The Cortical Cloud positions the company not as a hardware vendor but as a platform. If biological compute proves to have the advantages it appears to have — particularly in energy efficiency and adaptive learning — the platform that controls access to it will be extraordinarily valuable.


The Question That Matters

The internet reacted to this story the way the internet reacts to everything: memes about renting your brain cells to AI companies, existential jokes, a predictable cycle of hype and dismissal.

The question that got asked over and over was: “Can it run Doom?”

That question has been answered.

The question that actually matters is different.

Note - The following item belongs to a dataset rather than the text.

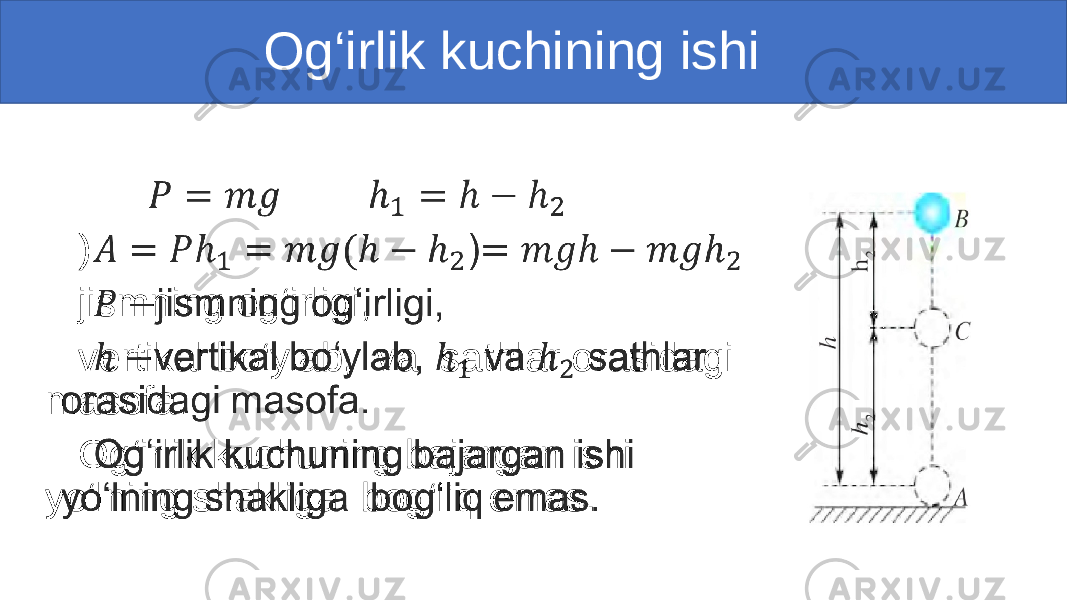  Og‘irlik kuchining ishi ) jismning og‘irligi, vertikal bo‘ylab, va sathlar orasidagi masofa. Og‘irlik kuchuning bajargan ishi yo‘lning shakliga bog‘liq emas.•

Silicon AI has reached a point where advancing capability requires exponentially more energy, more data, and more infrastructure. The returns are diminishing. The costs are compounding.

Biological neurons learn from minimal data, adapt in real time, run on fractions of a watt, and handle ambiguity without brute force.

Cortical Labs built a Python API. An independent developer spent a week on it.

The neurons are ready.

The question is what happens when they can run everything else.


Cortical Labs CL1 units are currently available for research institutions and developers through the Cortical Cloud platform. The Python API is open for application.